(THE DATA)
━━━━━━━━━━━━━━━━━━━━━━━━━━━━━━

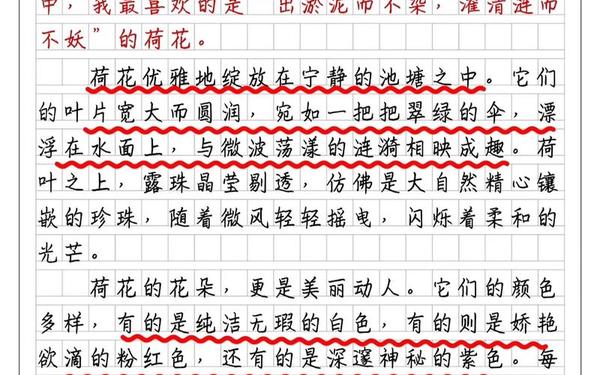 三年级作文100字_9999999999亿个字作文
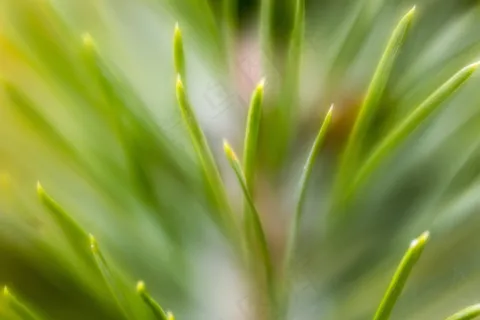 针,纯度,性质,健康,背景,植物 针,纯度,性质,健康,背景,植物
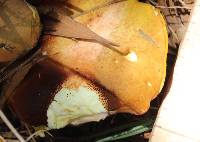 Suillus granulatus image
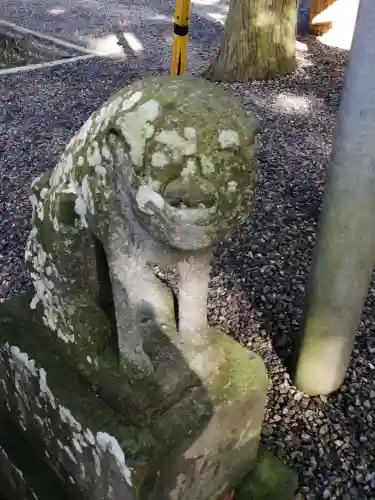 間々田八幡宮の狛犬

━━━━━━━━━━━━━━━━━━━━━━━━━━━━━━

(EXERCISE DIRECTIONS) Print only the lines from the one with "针,纯度,性质,健康,背景,植物 针,纯度,性质,健康,背景,植物" through the last line of the data above, exactly and with both ends, and please omit any pictures.

(REPLY TO THE TASK)
 针,纯度,性质,健康,背景,植物 针,纯度,性质,健康,背景,植物
 Suillus granulatus image
 間々田八幡宮の狛犬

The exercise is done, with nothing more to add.